**What this task involves:**
Quote exactly and only this range of lines in the data below: the line that holds "Photo Jul 07 2025, 6 30 28 PM" to the line that holds "Подвеска, двигатель SWAG купить", both included.

**Study material:**
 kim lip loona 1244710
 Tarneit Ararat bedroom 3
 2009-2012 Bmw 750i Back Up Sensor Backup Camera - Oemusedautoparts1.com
---
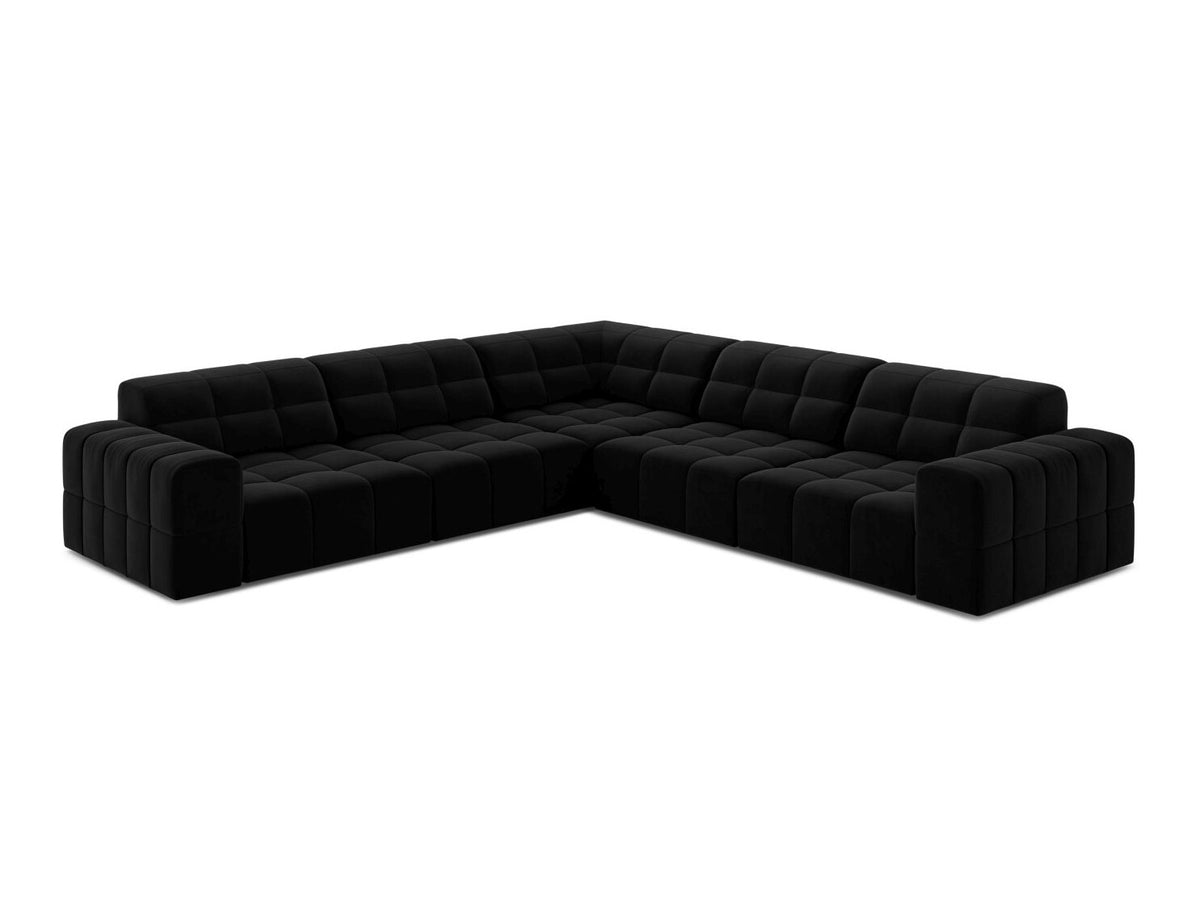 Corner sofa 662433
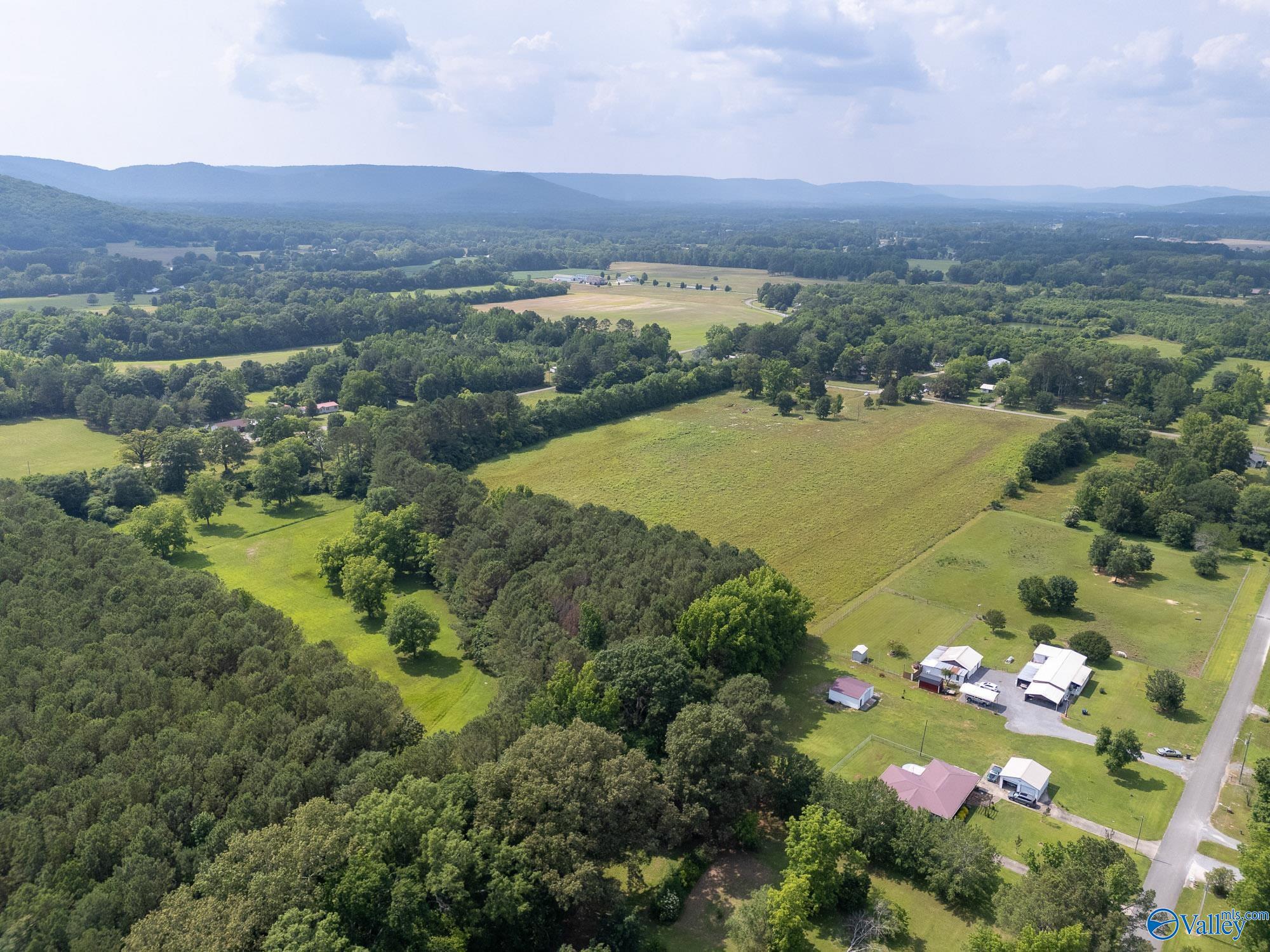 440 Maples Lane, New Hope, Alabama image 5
--
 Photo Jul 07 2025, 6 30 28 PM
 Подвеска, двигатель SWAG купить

**Final answer:**
 Photo Jul 07 2025, 6 30 28 PM
 Подвеска, двигатель SWAG купить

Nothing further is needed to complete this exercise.